WASHINGTON — A poucas semanas da data prevista para a retirada das tropas americanas do Afeganistão, pondo fim a quase duas décadas de ocupação, o presidente americano Joe Biden deu sinais de que não iria cumprir o prazo, estipulado ainda no governo de Donald Trump . Uma visão que se deve, em boa parte, a informações de inteligência que recomendam a permanência militar por mais algum tempo.
Segundo o New York Times, as informações apontam para um possível retorno do Talibã ao comando do país em até três anos, potencialmente abrindo o caminho para uma presença mais ostensiva da rede terrorista al-Qaeda no país. A principal motivação da guerra, iniciada em outubro de 2001, foi a recusa dos talibãs em entregar o então chefe da al-Qaeda, Osama bin Laden, mentor dos atentados de 11 de setembro daquele ano. Bin Laden foi capturado dez anos depois, mas o conflito em solo afegão permanece até os dias de hoje.

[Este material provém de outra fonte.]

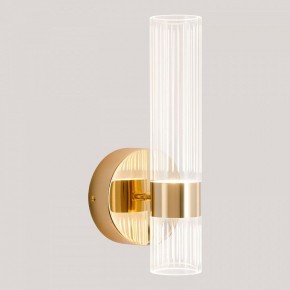 Бра Lussole  LSP-7535 в Копейске - kopejsk.ok-mebel.com | фото 3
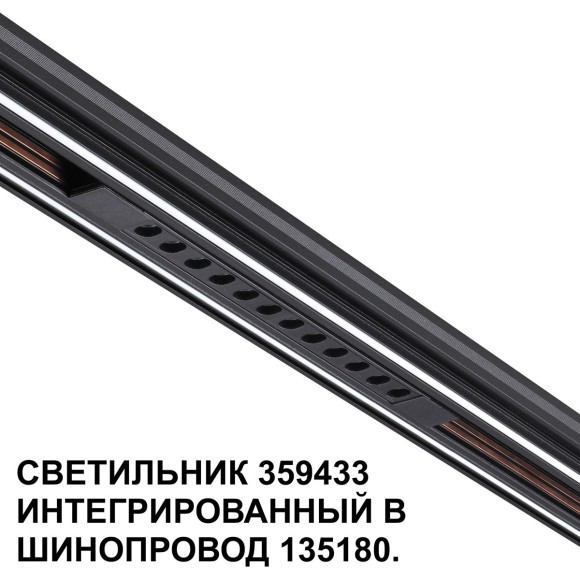 359433 Специальный тонкий линейный светильник для SLIM серии Novotech FLUM CRI90+ 12W 4000K 580Лм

Como a situação de segurança no país continua crítica, agora contando também com ataques periódicos e violentos do grupo Estado Islâmico , muitos dentro do governo advogam que a única forma de evitar o fracasso da missão é manter uma força mínima — uma posição defendida pelo próprio Biden quando era vice-presidente. Uma saída às pressas, como alegam ter sido feito no Iraque, na década passada, pode ser tão prejudicial que obrigará o país a retornar pouco tempo depois.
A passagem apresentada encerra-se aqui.